*GIVEN INFORMATION*.
⁂

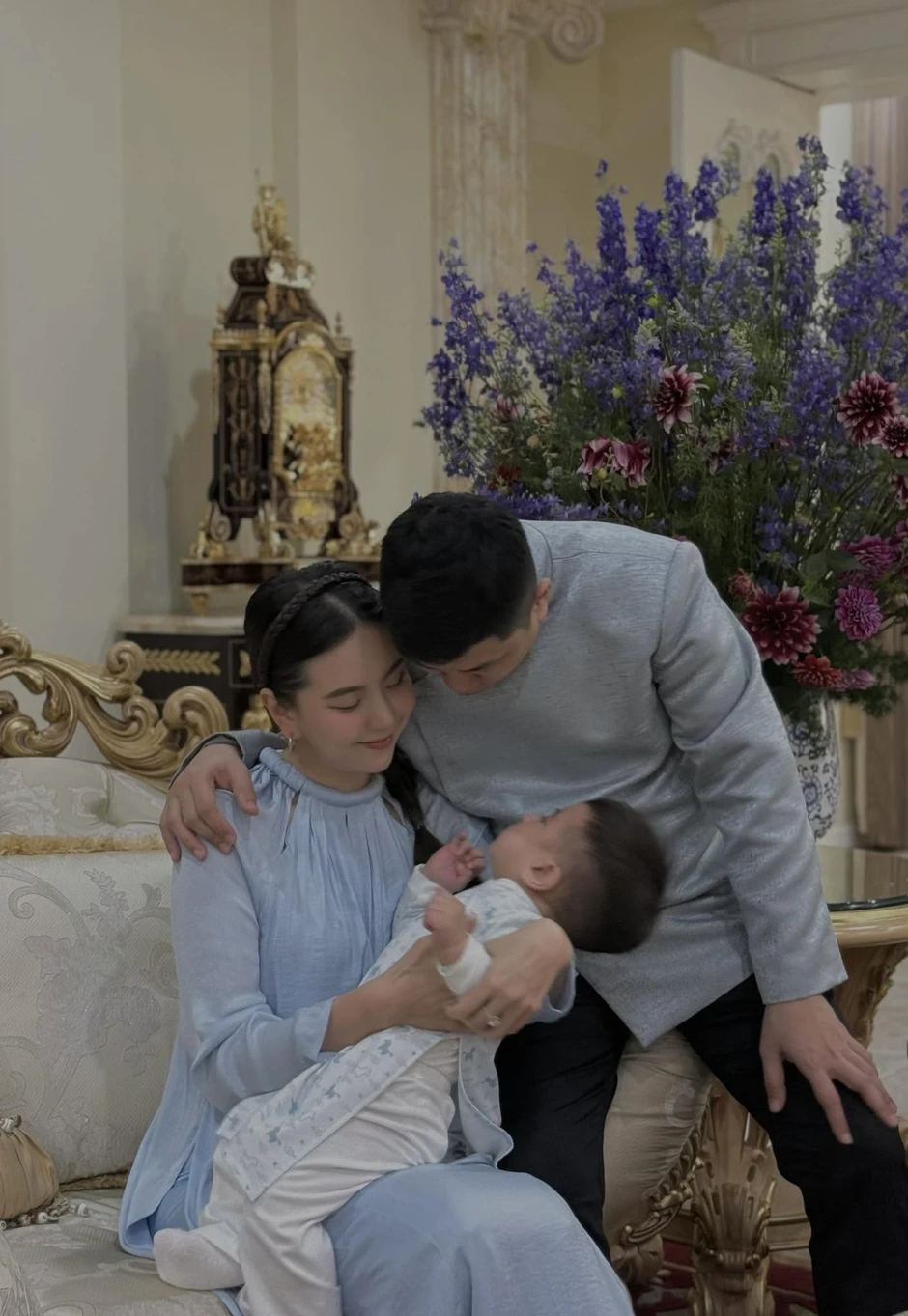 Cựu MC thời tiết làm dâu đại gia Bắc Ninh thả loạt ảnh biniki nuột nà, rời khỏi lâu đài là “bung lụa”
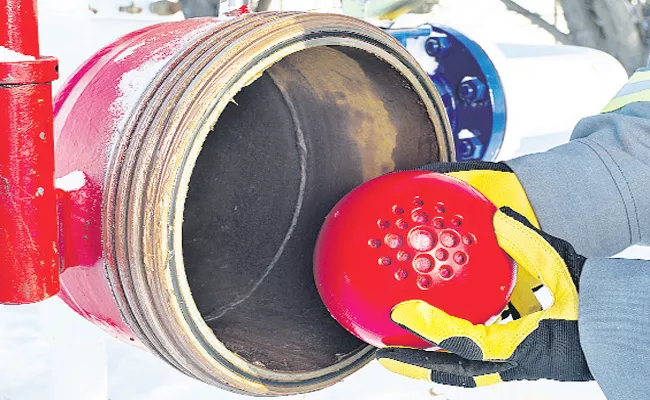 Smart Ball Treatment For Water Pipeline Leakages - Sakshi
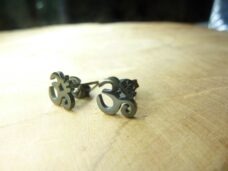 Boucles d’oreilles “clous” Om en acier inoxydable 316L ref Noir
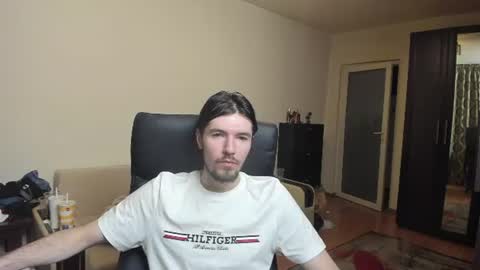 Snapshot of awesome_justin chatting on July 13, 8:11 pm Justin online show from July 13, 8:11 pm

⁂

*WHAT THE EXERCISE ASKS*.
Repeat each line above exactly as it reads, omitting any pictures.

*FINISHED EXERCISE*.
 Cựu MC thời tiết làm dâu đại gia Bắc Ninh thả loạt ảnh biniki nuột nà, rời khỏi lâu đài là “bung lụa”
 Smart Ball Treatment For Water Pipeline Leakages - Sakshi
 Boucles d’oreilles “clous” Om en acier inoxydable 316L ref Noir
 Snapshot of awesome_justin chatting on July 13, 8:11 pm Justin online show from July 13, 8:11 pm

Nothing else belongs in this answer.